* **Instructions to follow**:
Reproduce exactly only the lines from the line that holds "Imagem de Saia" to the line that holds "Cute Blue Monster", inclusive, in the listing below, and please leave out every picture.

···

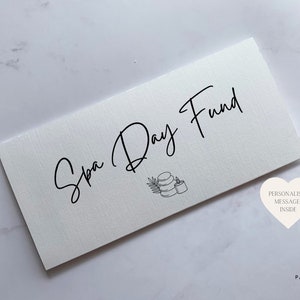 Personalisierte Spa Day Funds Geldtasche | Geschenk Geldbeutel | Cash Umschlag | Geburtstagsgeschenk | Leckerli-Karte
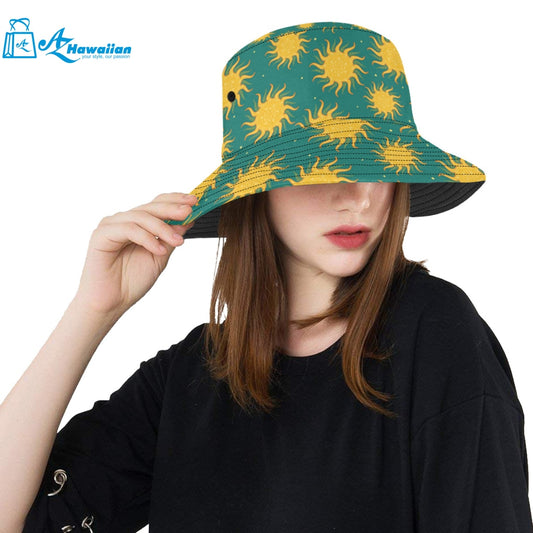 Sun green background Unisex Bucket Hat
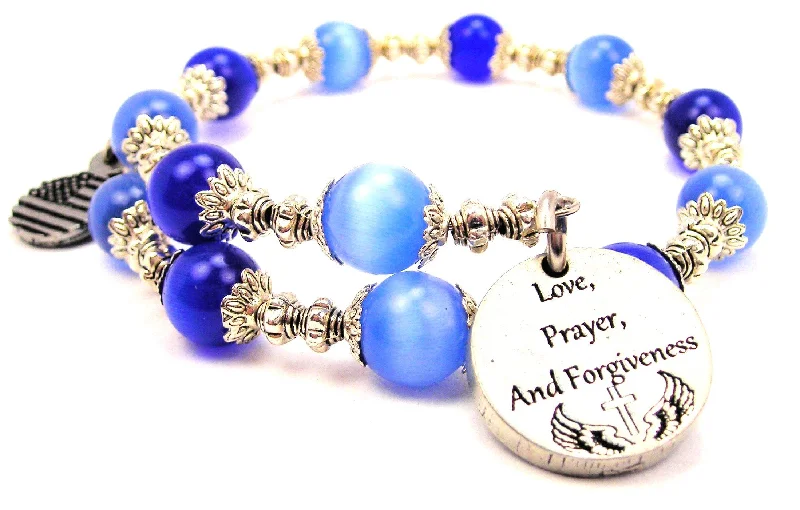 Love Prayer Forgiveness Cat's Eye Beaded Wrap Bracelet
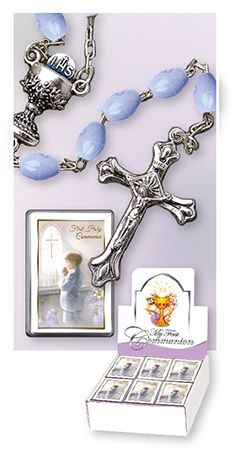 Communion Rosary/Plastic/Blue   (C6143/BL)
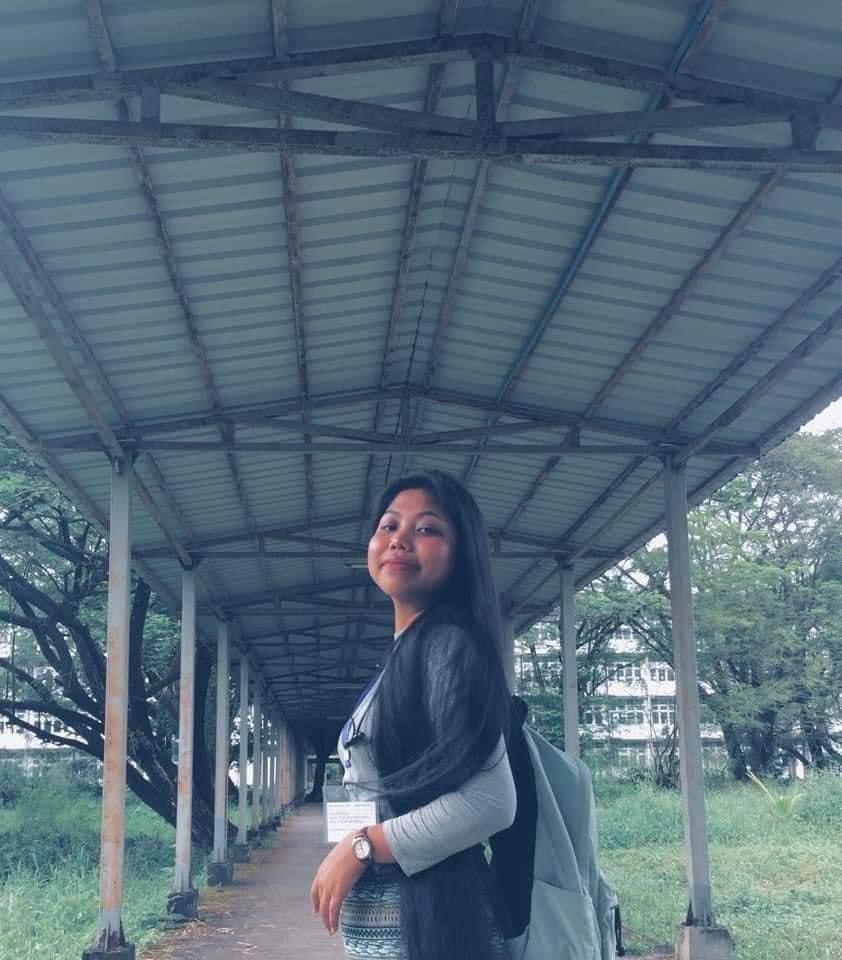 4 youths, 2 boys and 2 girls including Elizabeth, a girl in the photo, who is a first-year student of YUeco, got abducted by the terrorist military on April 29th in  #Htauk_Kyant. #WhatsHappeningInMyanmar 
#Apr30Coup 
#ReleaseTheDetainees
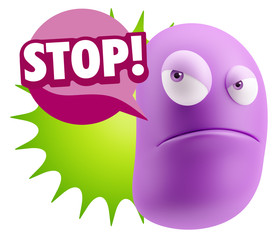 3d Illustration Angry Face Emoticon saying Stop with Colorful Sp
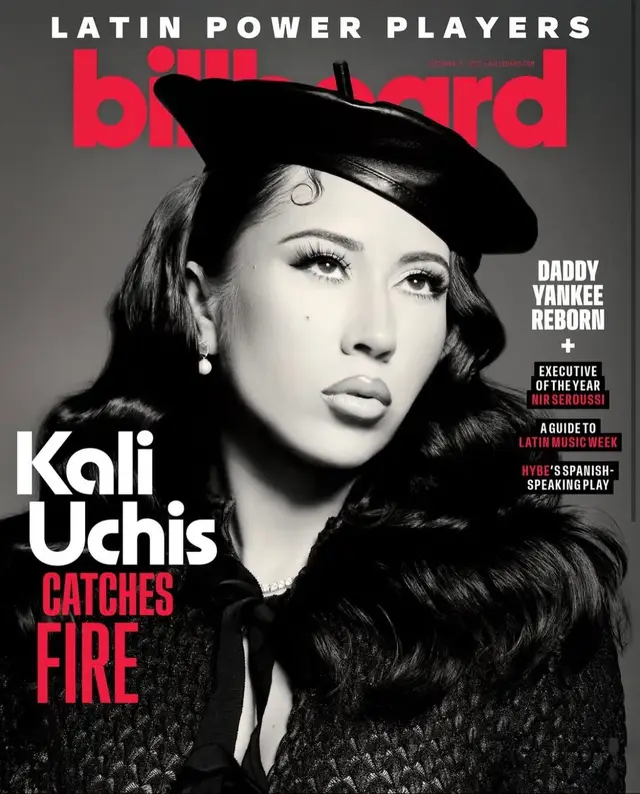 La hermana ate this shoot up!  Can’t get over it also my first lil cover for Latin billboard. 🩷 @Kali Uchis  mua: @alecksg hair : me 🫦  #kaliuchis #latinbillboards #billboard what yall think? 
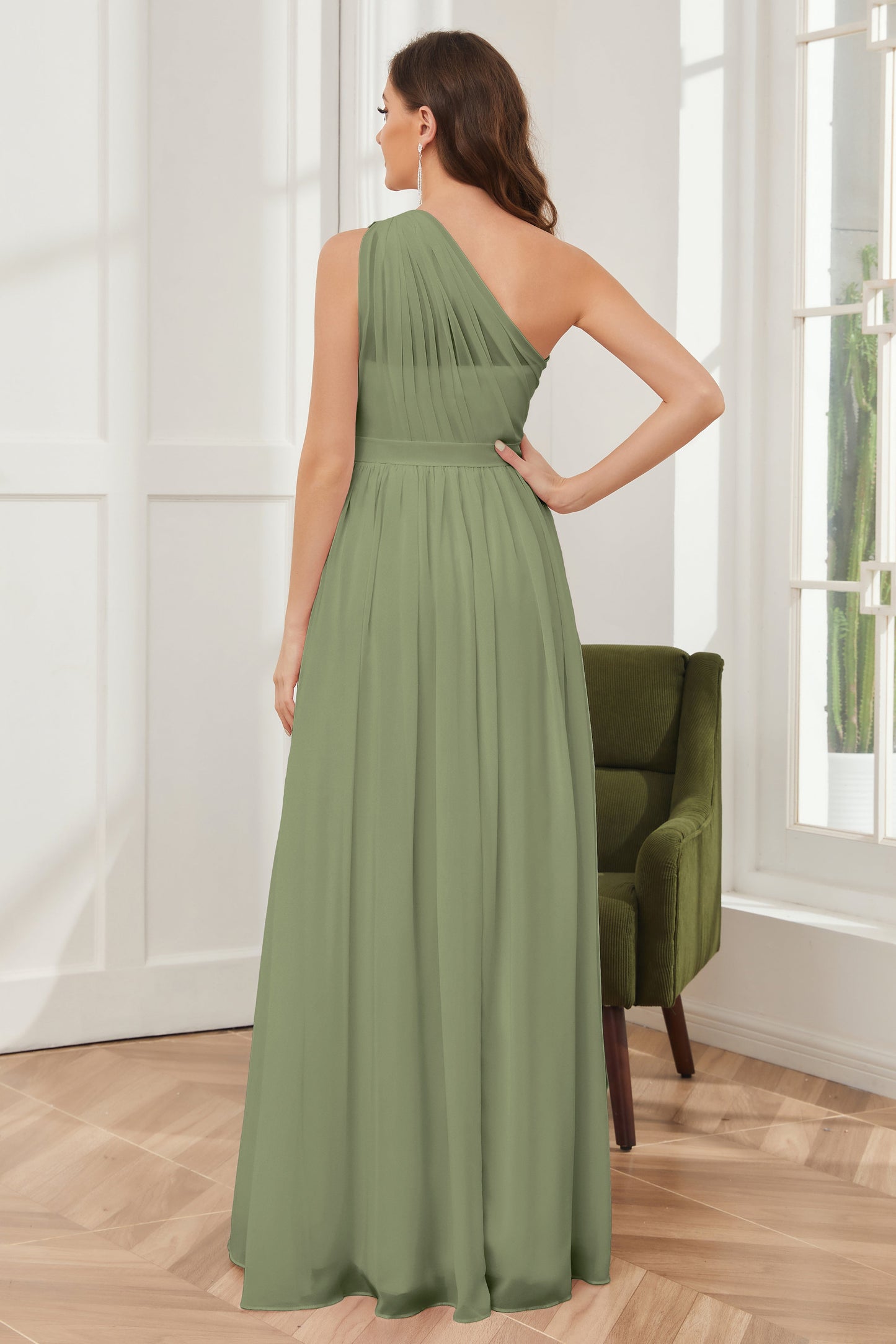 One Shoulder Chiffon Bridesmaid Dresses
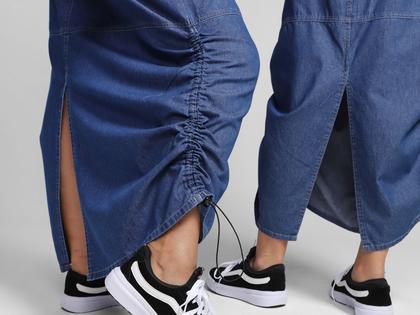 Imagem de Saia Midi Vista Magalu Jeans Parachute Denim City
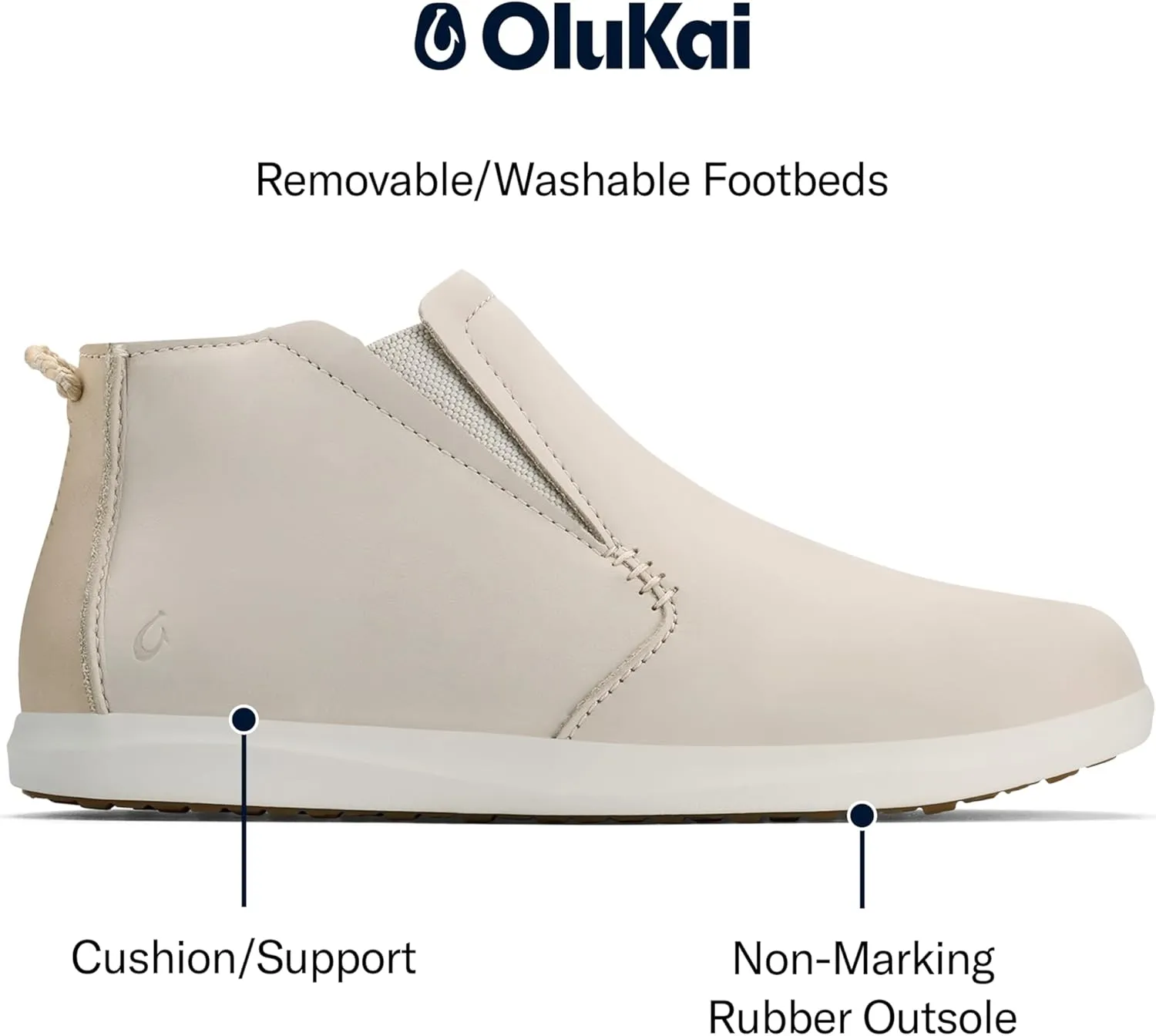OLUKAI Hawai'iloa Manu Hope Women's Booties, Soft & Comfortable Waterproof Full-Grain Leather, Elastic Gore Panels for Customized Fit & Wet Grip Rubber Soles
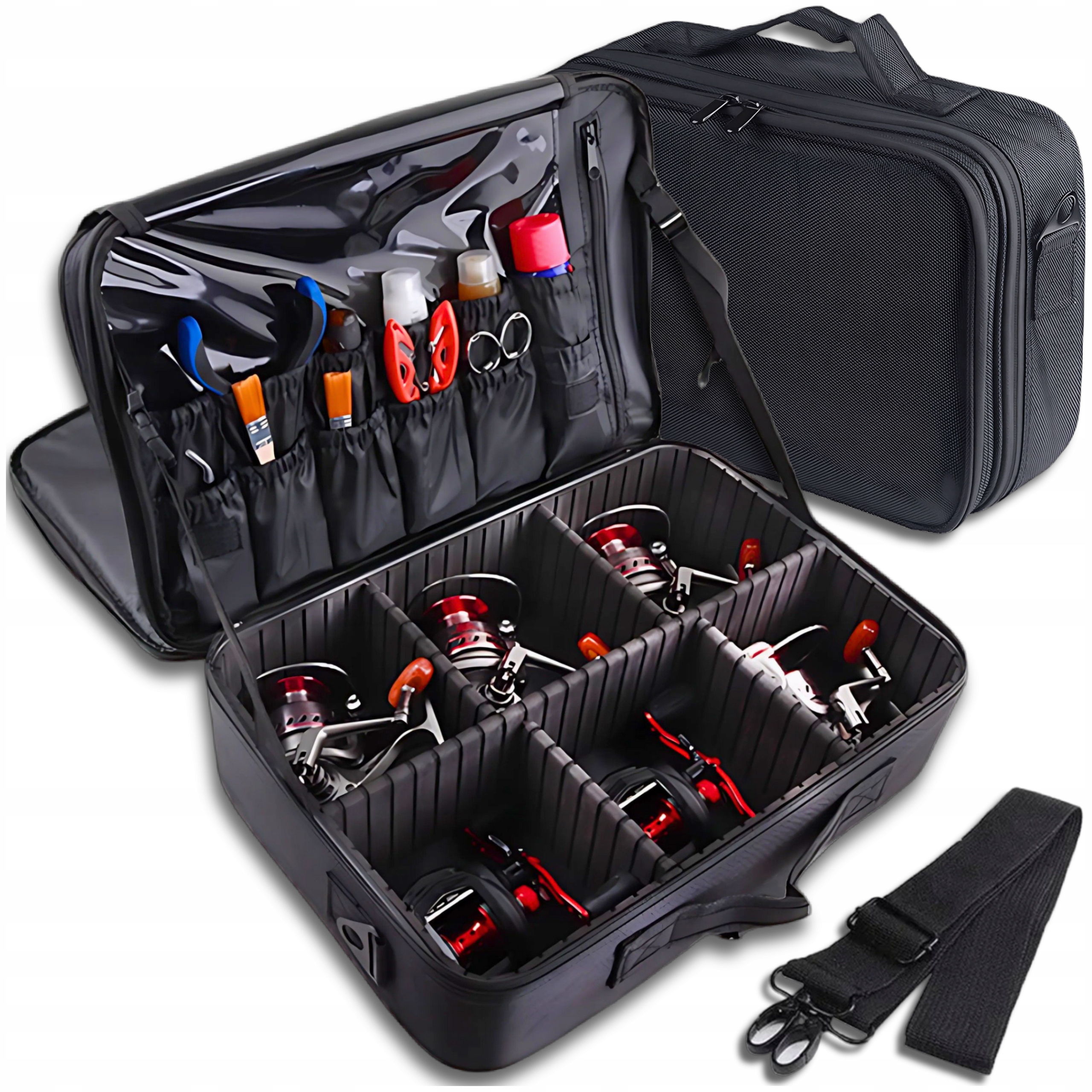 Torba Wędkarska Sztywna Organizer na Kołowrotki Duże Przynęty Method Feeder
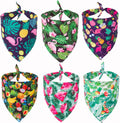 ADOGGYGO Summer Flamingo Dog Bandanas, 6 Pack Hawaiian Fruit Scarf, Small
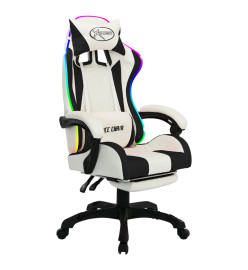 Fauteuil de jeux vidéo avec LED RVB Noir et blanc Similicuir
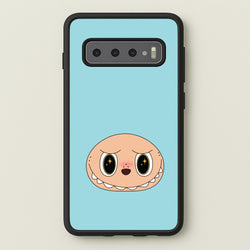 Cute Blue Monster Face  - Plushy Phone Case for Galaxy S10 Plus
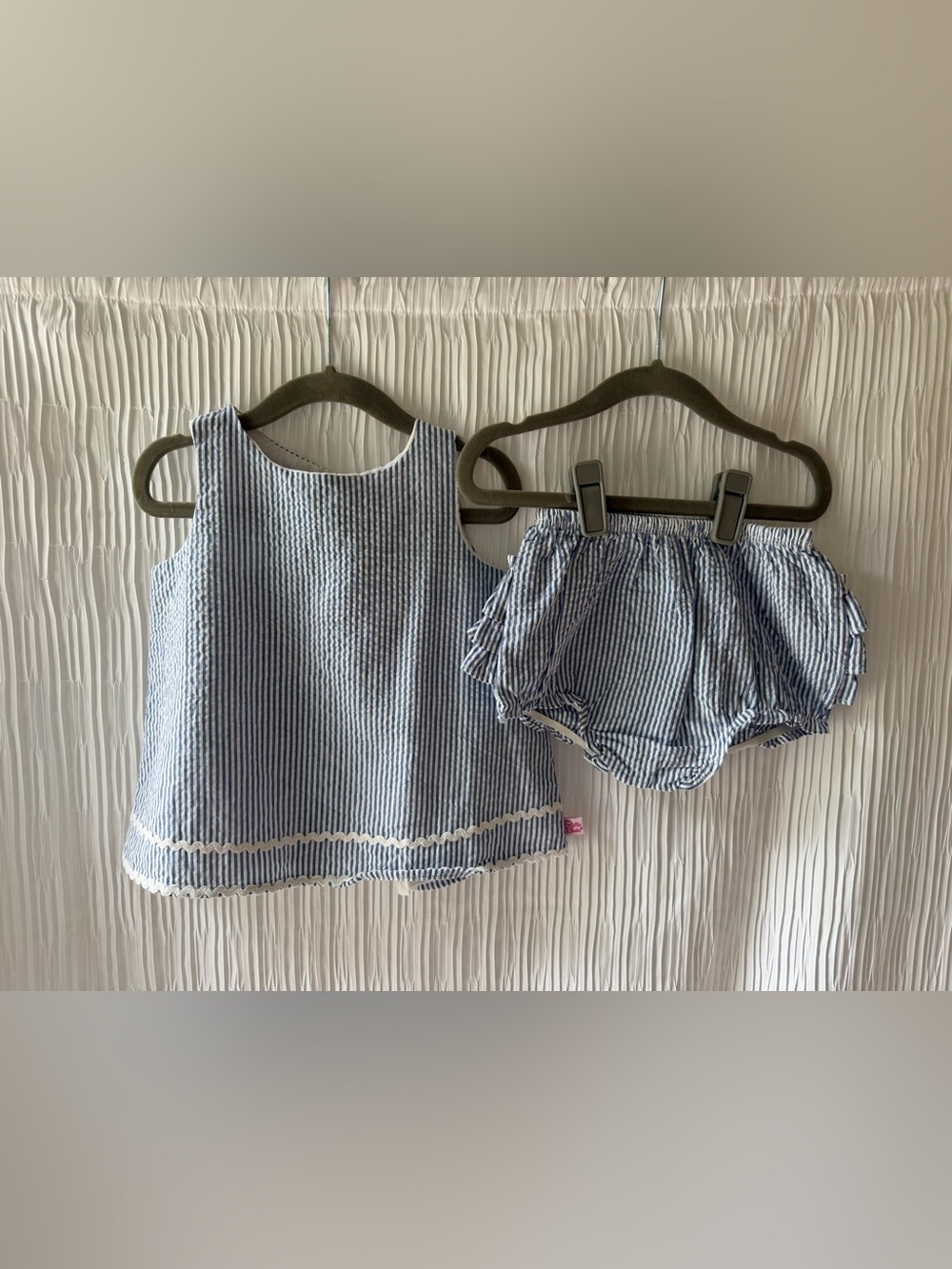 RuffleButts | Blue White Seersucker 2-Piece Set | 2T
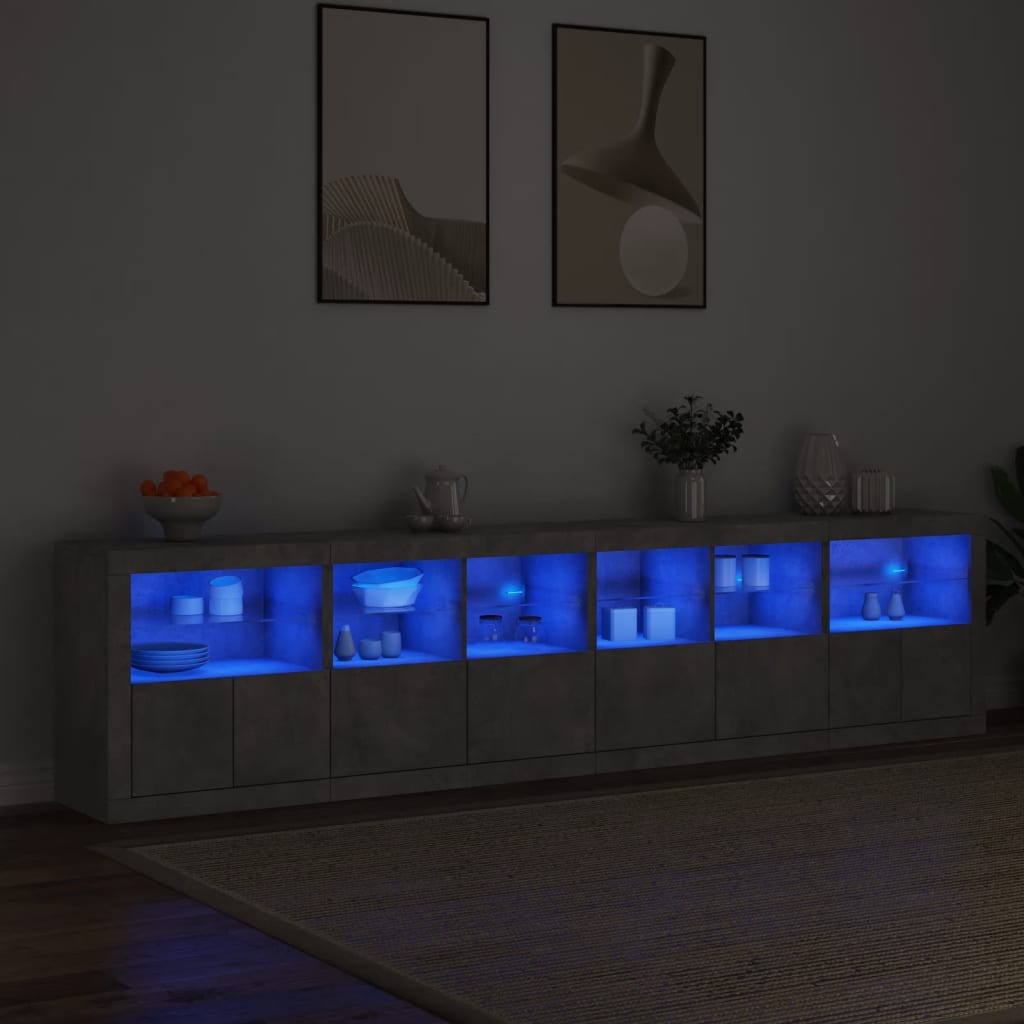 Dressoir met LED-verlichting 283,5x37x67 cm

···

* **The answer**:
 Imagem de Saia Midi Vista Magalu Jeans Parachute Denim City
OLUKAI Hawai'iloa Manu Hope Women's Booties, Soft & Comfortable Waterproof Full-Grain Leather, Elastic Gore Panels for Customized Fit & Wet Grip Rubber Soles
 Torba Wędkarska Sztywna Organizer na Kołowrotki Duże Przynęty Method Feeder
 ADOGGYGO Summer Flamingo Dog Bandanas, 6 Pack Hawaiian Fruit Scarf, Small
 Fauteuil de jeux vidéo avec LED RVB Noir et blanc Similicuir
 Cute Blue Monster Face  - Plushy Phone Case for Galaxy S10 Plus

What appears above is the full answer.